Many people define the current controversy over judicial reforms that is roiling Israeli society as a clash between an oppressed majority and a ruling minority. That is, as a clash between a left-wing elite and the right-wing masses.
This is an unfortunate myth, as it allows the Israeli right to renounce its role as a consensus bloc of enlightened conservatives that stands at the center of Israeli politics. It would be a grave mistake for the right to isolate itself in the role of social underdog, because it is not. It is a democratically elected elite that guards the idea of Israel as a Jewish state—not only a “state of the Jews”—that is open to a new era in which Israel is an innovative, modern, and just nation with a strong Jewish identity. Thus, most Israelis support it, whatever their misgivings.
Rather than a struggle against a dominating left-wing “deep state,” we are simply seeing the usual arm-wrestling between right and left for cultural and political hegemony. But this is a struggle in which the right has long had the upper hand. It is the consensus faction in most areas of Israeli life, which explains its ongoing ability to win elections. This is not only true of the right in Israel, but in large parts of the Western world.
Thus, by portraying the protests against judicial reform as a revolt that is fomented and financed by an overbearing leftist elite backed by forces in the U.S. and elsewhere, the right does itself a disservice.

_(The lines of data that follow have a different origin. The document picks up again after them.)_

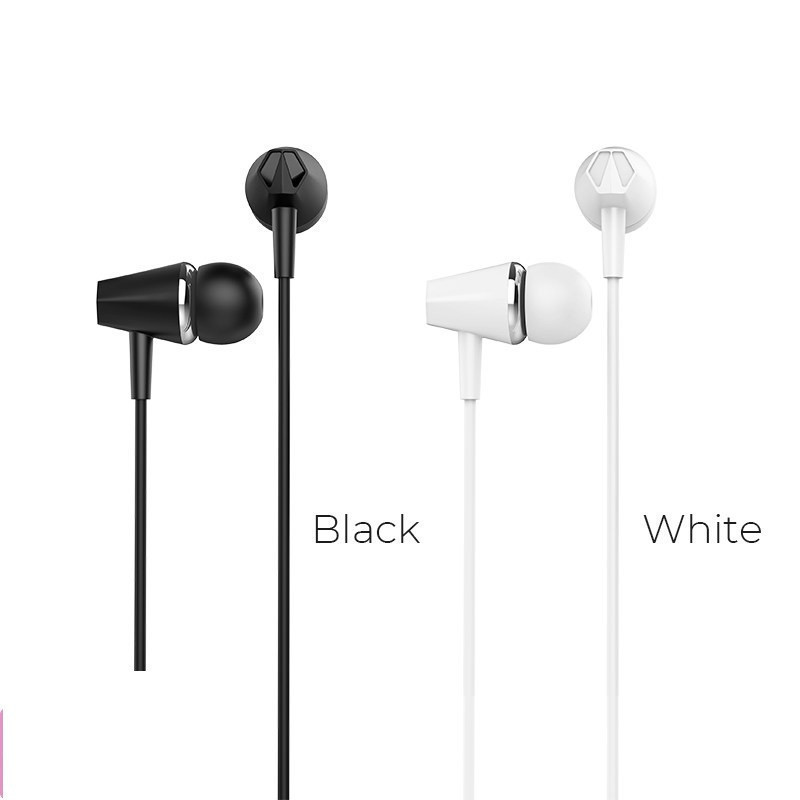 Товар 60526/00 - мініатюра 2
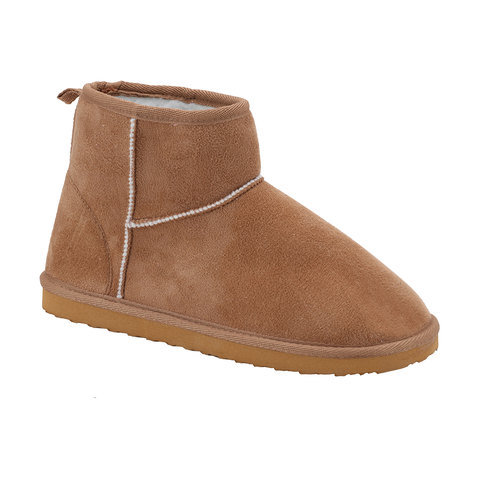 ugg boots kmart off 65% - www 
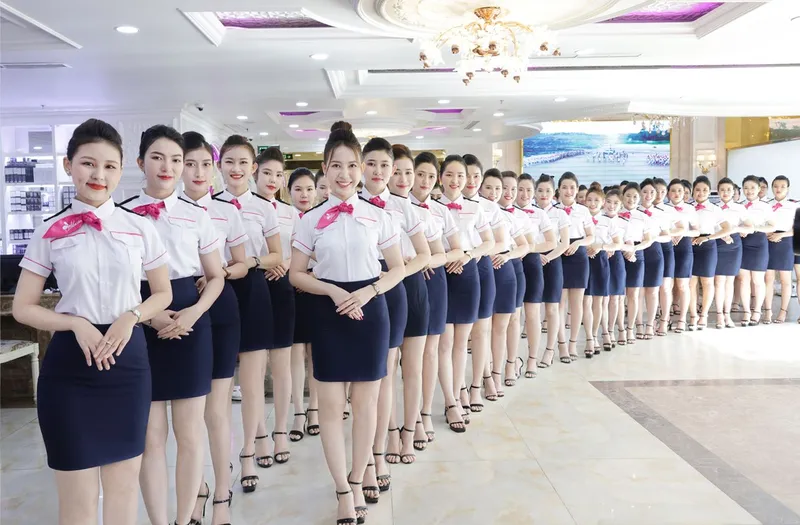 Sản phẩm c s k h 2 — Công Ty TNHH MAI LI SA — MST 0305201737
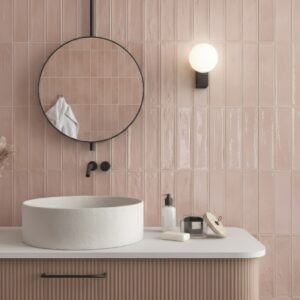 塔維拉光影 Tavira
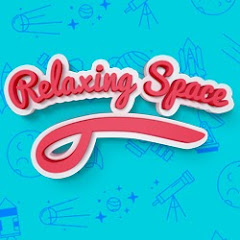 Relaxing Space thumbnail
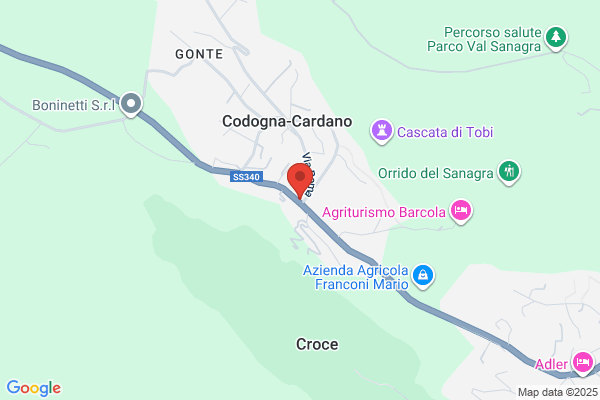 Bar Stazione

Israel’s leftist minority does, of course, have an elite; and it was once the dominating force in Israeli society. Indeed, the Israeli left has its own heroic history. It established the Jewish state, fought off the enemies of the reborn Israel and helped set Israel on the path to becoming a regional superpower.
Yes, this leftist elite still wields some power. It has its families of noble descent, with ancestors who were major figures in the old Ashkenazi socialist establishment. Nonetheless, this elite’s role in the recent protests has shown not vitality but decline. It is a minority within a minority, as the protests also include young people from the high-tech world, reservists, kibbutznikim, YouTubers, schoolteachers, singers, poets and the nouveau riche. Moreover, the virulent rhetoric employed by the protesters is a sign not of a thriving and powerful elite, but an elite that is going kicking and screaming into history.
The right should not react to this through embracing self-victimization or adopting the same debased rhetoric as its opponents. There is no need to fall into populist bromides or demonize the opposition simply because one perceives that the other side is the “elite.” This only confirms the left’s claims of cultural dominance.
After all, there is nothing inherently bad about being an elite. Sometimes an elite is built and maintained through various forms of abuse. But in such cases, it is the abuse that must be denounced. There is more than enough material: For months, the opposition has engaged in bullying nonsense, excused by a specious “struggle for democracy.” They have shown themselves ignorant of the laws they oppose and unwilling to engage in civilized dissent. They have displayed a general disrespect for everyone in Israeli society who disagrees with them. Is this not a sign of the end?
Indeed, the opposition is clearly a force that is in decline: Their protestations have become repetitive and cliched, retreading the old and failed policies of the left that have long been rejected by the Israeli electorate.
The truth is that the Israeli left has none of the characteristics of an elite. It is simply Israel’s iteration of an ongoing trend across the Western world: The protestations of a minority that has long since collapsed into absurdity. In the U.S. and elsewhere, Black Lives Matter descends into antisemitism, the just defense of gay rights collapses into deranged “gender” theories, cultural figures like Kanye West exalt Hitler and antisemitism is nourished by ostensible defenders of human rights.
In Israel, this has taken the form of unreasoning hatred of Prime Minister Benjamin Netanyahu and the fervent belief that Israel is but a step away from fascism via a legislative “coup d’etat” against the judiciary. Nor can the opposition’s violent distaste for religious Israelis be overlooked. None of this is the behavior of an elite. It is the ranting of decadents who are destroying themselves by pure hubris.
The truth is that Israel’s opposition is, in many ways, composed of an elite that has already collapsed, in particular because of its inability to adapt to modern conditions. For example, it still clings still to fantasies of “land for peace” with the Palestinians, despite the fact that every such offer has been refused and met with terrorism. It does not acknowledge that Israel’s struggle is still a struggle for survival. Against this reality, the Israeli left has failed to come up with any new ideas. It lives in the past. If it wishes to rise to power again, it must acknowledge reality and change. Despite its recent success in the streets, it shows no sign that it is capable of this.